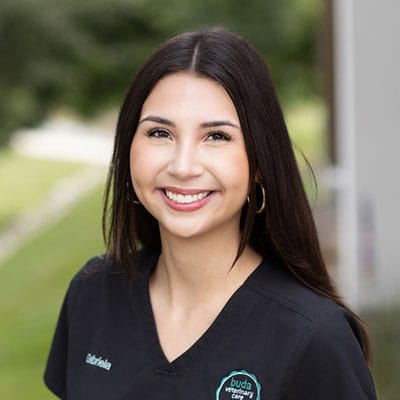 A woman with long dark hair, wearing hoop earrings and black scrubs, smiles outdoors. Her top has an embroidered logo and the name “Gabriela.” The background is blurred greenery and a building.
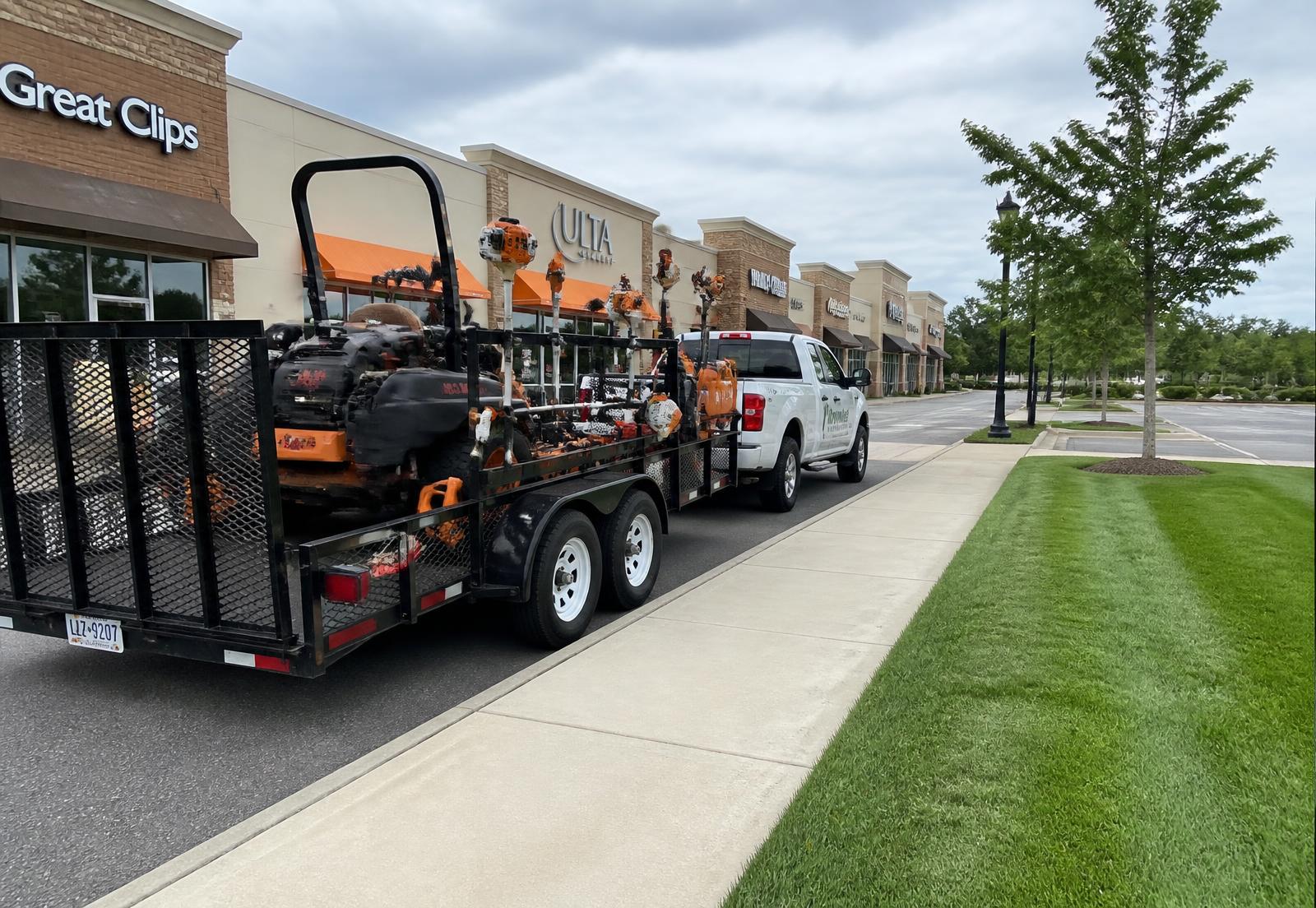 Commercial mowing equipment and trailer parked at a retail plaza before scheduled grounds maintenance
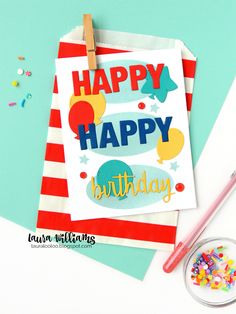 a happy birthday card with confetti and sprinkles next to it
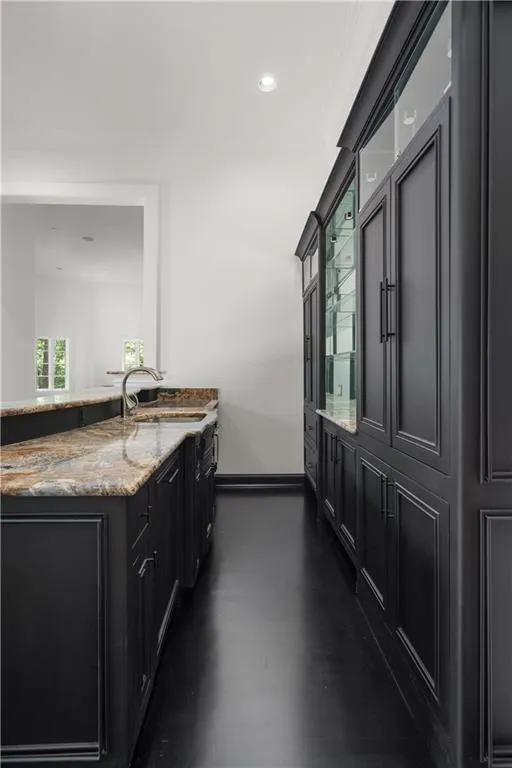 Bathroom with baseboards and recessed lighting
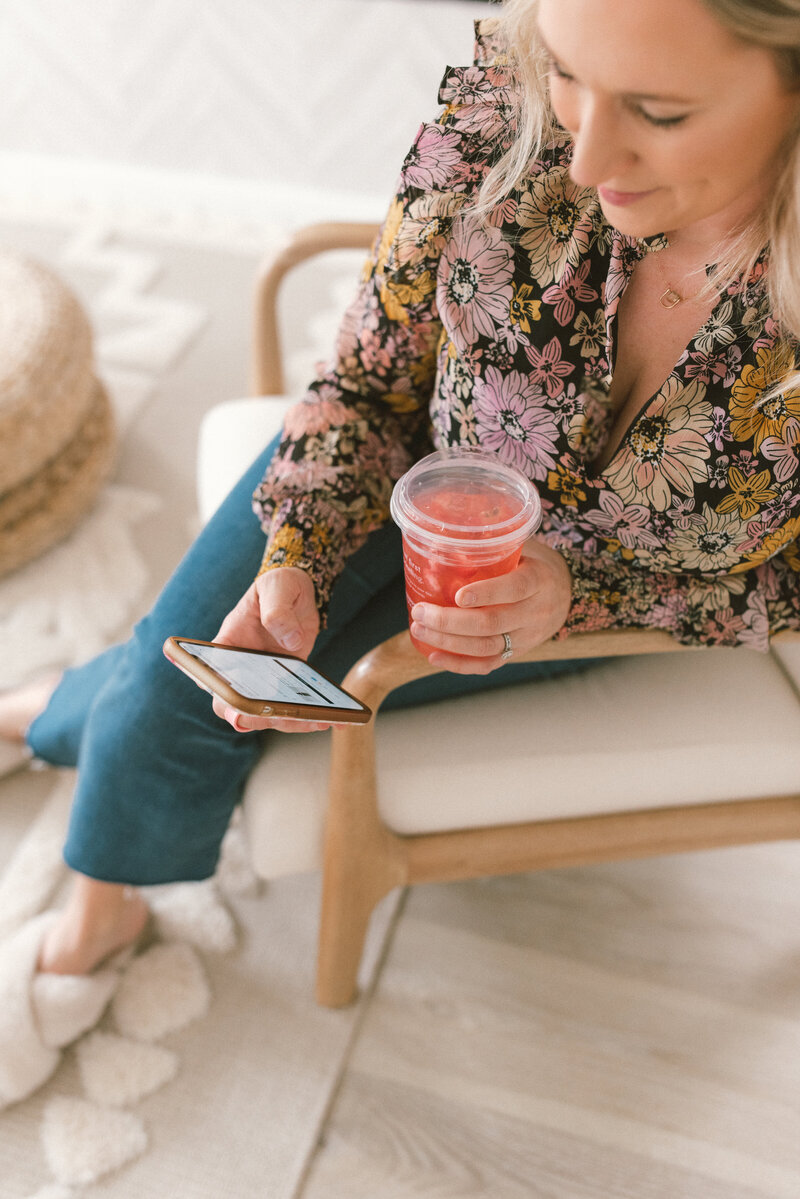 Sarah Kaetterhenry sitting down checking phone and drinking Starbucks Refresher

▶ **Assignment**
Transcribe the material above in full. No picture is to be copied.

▶ **Finished task**
 A woman with long dark hair, wearing hoop earrings and black scrubs, smiles outdoors. Her top has an embroidered logo and the name “Gabriela.” The background is blurred greenery and a building.
 Commercial mowing equipment and trailer parked at a retail plaza before scheduled grounds maintenance
 a happy birthday card with confetti and sprinkles next to it
 Bathroom with baseboards and recessed lighting
 Sarah Kaetterhenry sitting down checking phone and drinking Starbucks Refresher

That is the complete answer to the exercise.